The breakdown temporarily frustrated the eleven-country European consortium's continuing effort to demonstrate its rocket's reliability and clinch an even larger share of the lucrative satellite-launching business. Ariane has been the free world's only active satellite carrier since the explosion of the space shuttle Challenger on Jan. 28, which put the U.S. program out of commission for a year or more. The shuttle's hiatus leaves a big opening in the launching market, a business worth at least $500 million a year. Between now and 1990, an estimated 60 commercial satellites will need a lift into orbit. While the National Aeronautics and Space Administration struggled last month to find out the cause of the shuttle disaster, an Ariane launch successfully put two satellites into orbit. Before the accident, the shuttle held two-thirds of the market and Ariane had the rest.
Several entrepreneurs in the U.S., along with government-run rocket . programs in Japan and China, now aim to give Ariane a run for its money. NASA, which previously tried to protect its turf by discouraging U.S. satellite- launching entrepreneurs, earlier this month came out in favor of private rocket services to take up the slack left by the shuttle's interrupted schedule.

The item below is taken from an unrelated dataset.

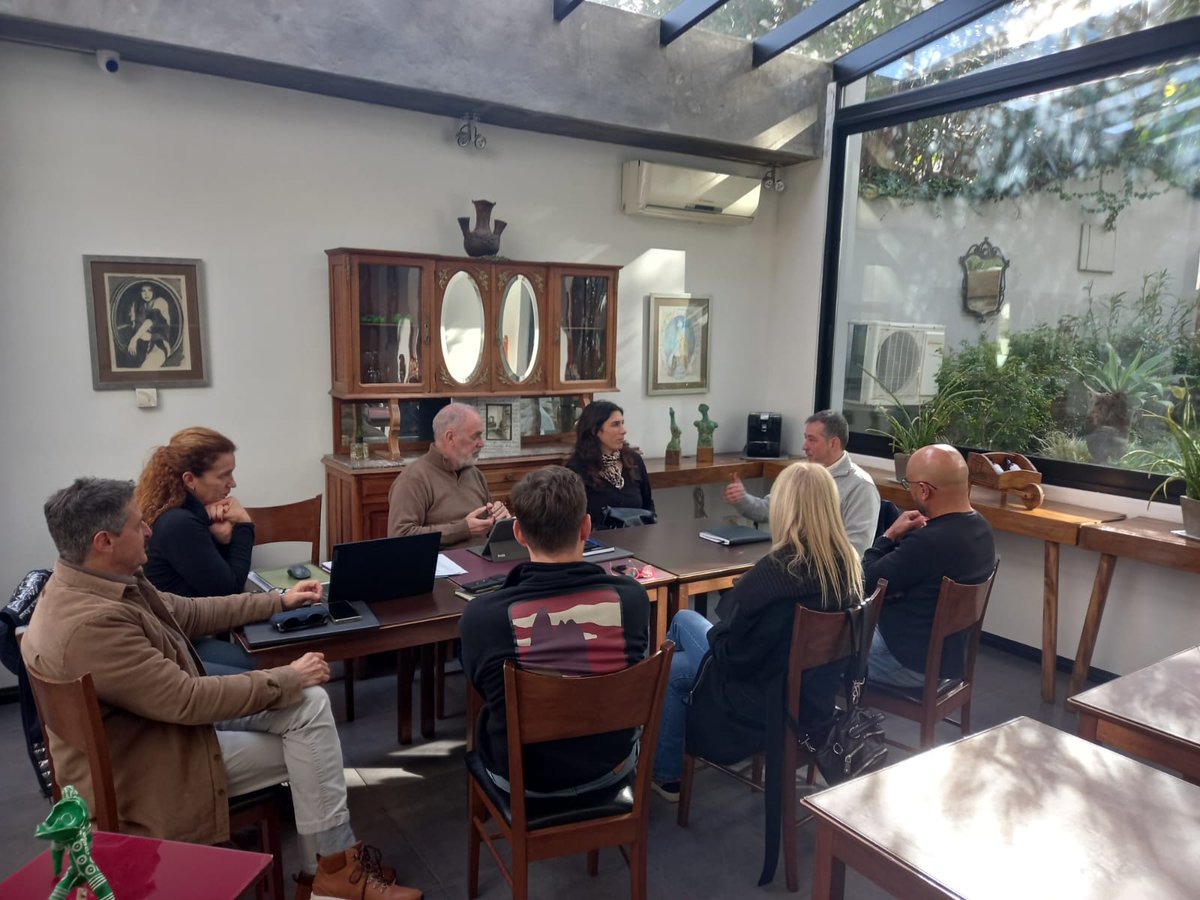 El Director de Turismo, Martín Alvarez, se reunió con directivos de la Cámara Hotelera de Colonia. El motivo principal fue intercambiar y dialogar acerca de una mayor articulación de actividades, con el objetivo de ampliar la estadía y la estacionalidad en nuestro destino.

Reason: Congress is worried that U.S. companies will become dependent on foreign satellite-launching services.
Until January's accident, the space shuttle had been scheduled to carry aloft seven satellites this year and 19 in 1987. That total included two commercial satellites in 1986 and six next year, at a launching fee of up to $40 million each. Since NASA has scrapped that plan, several customers have started shopping around. Western Union was forced to postpone the June trip of its Westar VI, a 24-channel communications satellite designed to replace an older, twelve-channel model. GTE Spacenet had planned to send up its G-Star III, which would relay telephone and television signals, on the shuttle in November. Says C.J. Waylan, the company's president: "We're not abandoning the shuttle, but we're not going to wait inactively either. We have customers to satisfy."
Yet the only alternative at the moment is Ariane. The consortium has been so profitable, posting earnings of $24.3 million in 1985 on revenues of $200 million, that it plans to make a public stock offering by 1988. The agency has just completed a second, $140 million launching pad on South America's northeast coast that will double Ariane's annual capacity from five missions to ten.

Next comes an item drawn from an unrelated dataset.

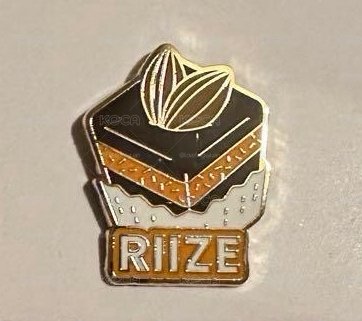 RIIZE SMTOWN 栗子蛋糕別針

Several satellite-launching entrepreneurs in the U.S. hope to get their first commercial flights off the ground within two years. Houston's Space Services, headed by former Astronaut Donald ("Deke") Slayton, will charge about $15 million for a launch when it begins payload-carrying flights on its Conestoga II rocket, which will be able to handle light-weight satellites up to 1,800 lbs. Another company, Maryland's Transpace Carriers, plans to launch larger satellites on Delta rockets and hopes for 13 missions by the end of 1989.
The shuttle's hiatus has prompted investors to start thinking more favorably about space ventures. Says George Koopman, president of California's American Rocket, another satellite-booster developer: "A number of them have come running over to talk to me. Now there's serious interest in us."

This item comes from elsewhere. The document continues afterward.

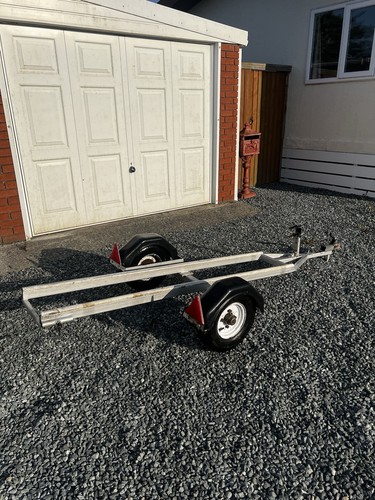 Lightweight galvanised utility - lightweight,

The need for alternatives to the shuttle may bring a windfall for the + makers of heavy-duty, conventional rockets that not long ago were considered almost obsolete. Later this year Martin Marietta will begin building ten Titan rockets (total cost: $2.1 billion) for the Air Force. General Dynamics is assembling the last two of the big Atlas-Centaur rockets that it had planned to produce, but the company calculates that it could build more of them from scratch in about 21 months.
The American satellite launchers will face new competition from foreign countries. China, which has been putting its own payloads in space since 1975, has signed an agreement to launch a Swedish satellite with its Long March II booster for $4 million. Japan, meanwhile, is experimenting with a rocket that could launch satellites by the early 1990s.
American rocket launchers will also have to confront insurance problems. Because several satellites have been lost in accidents, costs have zoomed to the ionosphere. Premiums rose from about 3% of a payload's value three years ago to as much as 33% today. The insurance costs could eventually depress the satellite business by prompting communications companies to switch to cheaper, earthbound transmission devices like fiber-optic cables.
But for the next few years, aerospace analysts expect the demand for communications satellites to grow at a heady 30% annual pace. That should provide a lucrative business opportunity for whoever can successfully lift a rocket off the launch pad.